▶ Try it: Begin at the line that has "1966 Florida 8mm", stop after the line that has "Palakollu Railways Station", and print exactly those lines from the records below, without any pictures.

▶ Material supplied:
◆ ◆ ◆ ◆ ◆

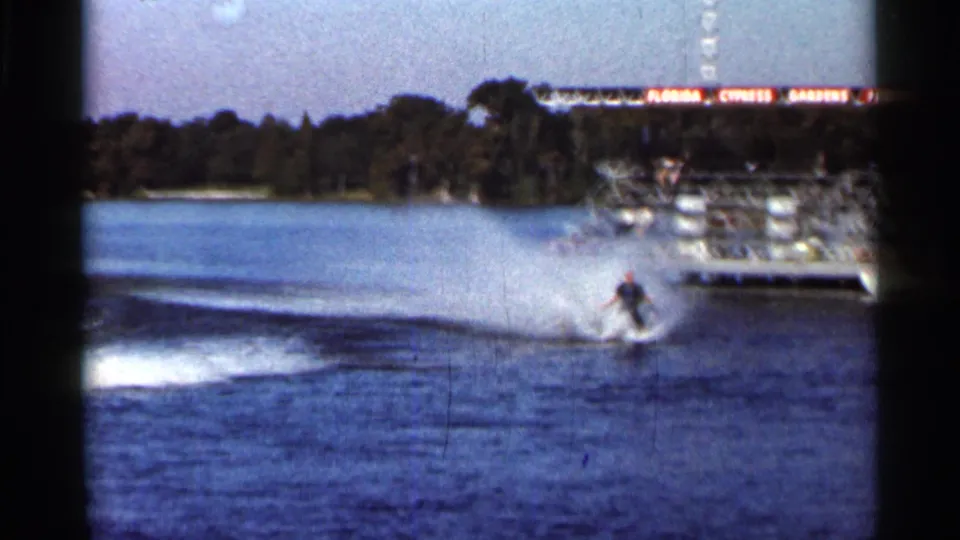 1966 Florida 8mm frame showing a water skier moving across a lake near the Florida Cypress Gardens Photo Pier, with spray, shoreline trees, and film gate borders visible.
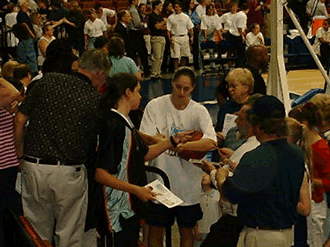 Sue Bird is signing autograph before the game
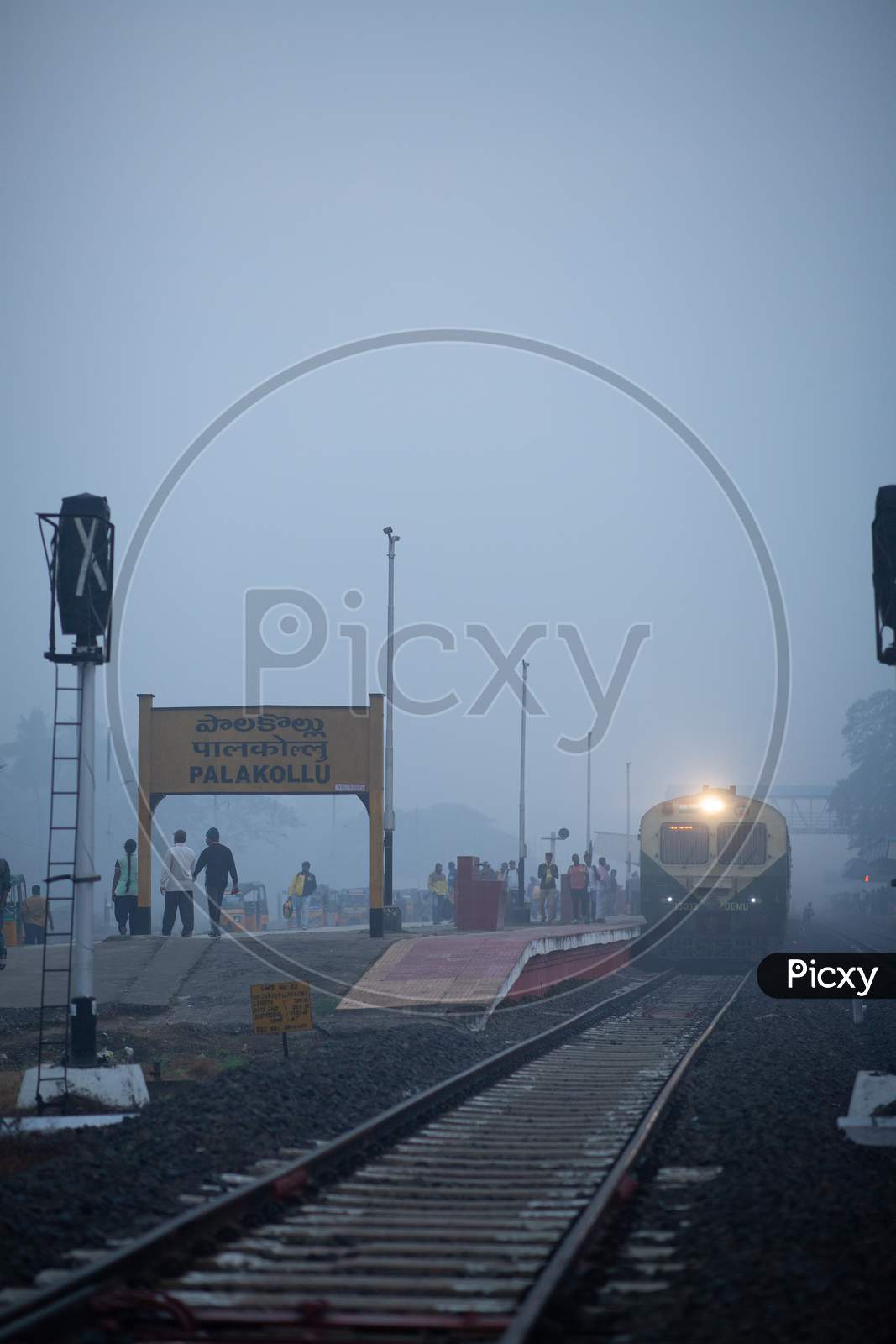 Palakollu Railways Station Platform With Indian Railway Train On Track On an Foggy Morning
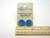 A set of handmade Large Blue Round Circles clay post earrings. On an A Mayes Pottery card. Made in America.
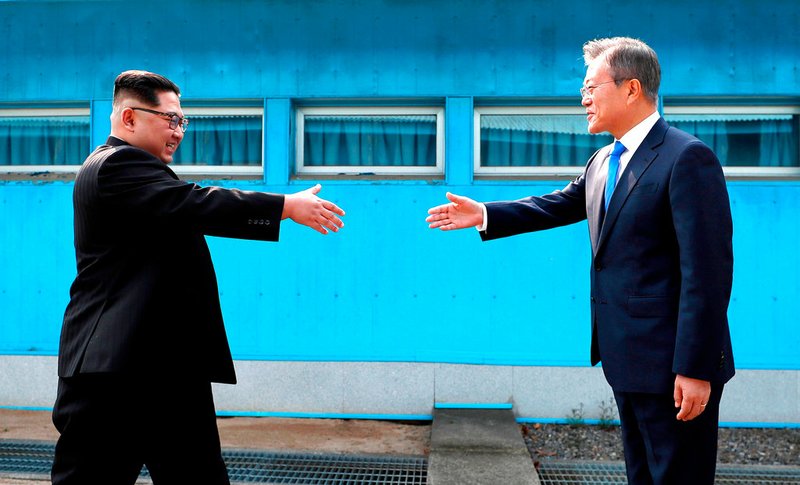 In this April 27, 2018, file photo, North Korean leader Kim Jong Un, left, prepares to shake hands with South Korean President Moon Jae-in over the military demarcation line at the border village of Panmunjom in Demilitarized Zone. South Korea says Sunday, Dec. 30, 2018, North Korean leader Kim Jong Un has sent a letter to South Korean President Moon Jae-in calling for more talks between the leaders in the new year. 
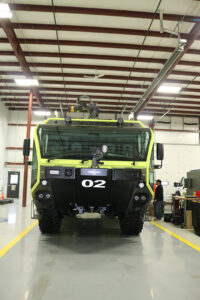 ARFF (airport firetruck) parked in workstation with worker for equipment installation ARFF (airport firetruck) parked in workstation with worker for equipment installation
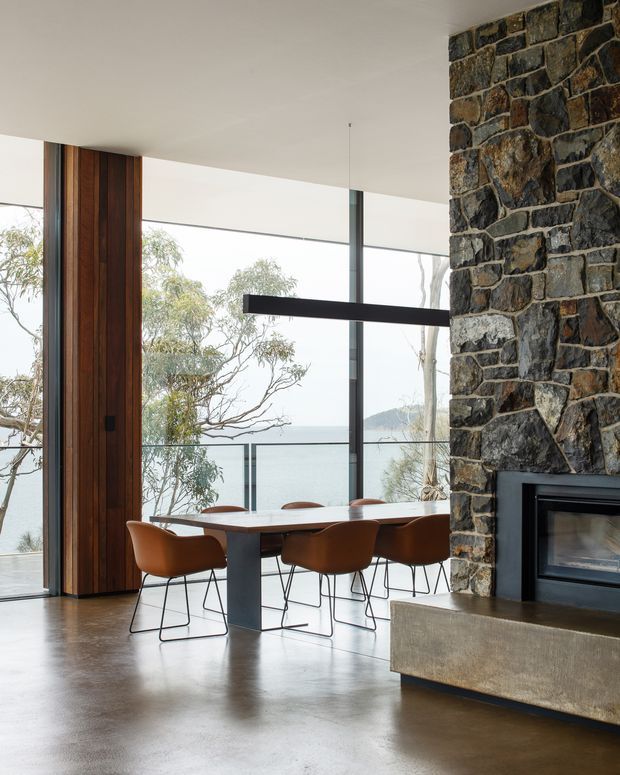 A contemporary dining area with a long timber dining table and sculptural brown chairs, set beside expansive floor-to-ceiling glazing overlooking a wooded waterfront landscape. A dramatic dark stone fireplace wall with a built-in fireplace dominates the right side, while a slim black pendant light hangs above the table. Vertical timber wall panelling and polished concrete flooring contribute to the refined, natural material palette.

◆ ◆ ◆ ◆ ◆

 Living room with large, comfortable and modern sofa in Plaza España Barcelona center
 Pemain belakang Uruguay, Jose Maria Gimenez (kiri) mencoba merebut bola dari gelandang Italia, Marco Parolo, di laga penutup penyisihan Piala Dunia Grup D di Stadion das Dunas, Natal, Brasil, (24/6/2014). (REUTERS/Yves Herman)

◆ ◆ ◆ ◆ ◆

▶ Task answer:
 1966 Florida 8mm frame showing a water skier moving across a lake near the Florida Cypress Gardens Photo Pier, with spray, shoreline trees, and film gate borders visible.
 Sue Bird is signing autograph before the game
 Palakollu Railways Station Platform With Indian Railway Train On Track On an Foggy Morning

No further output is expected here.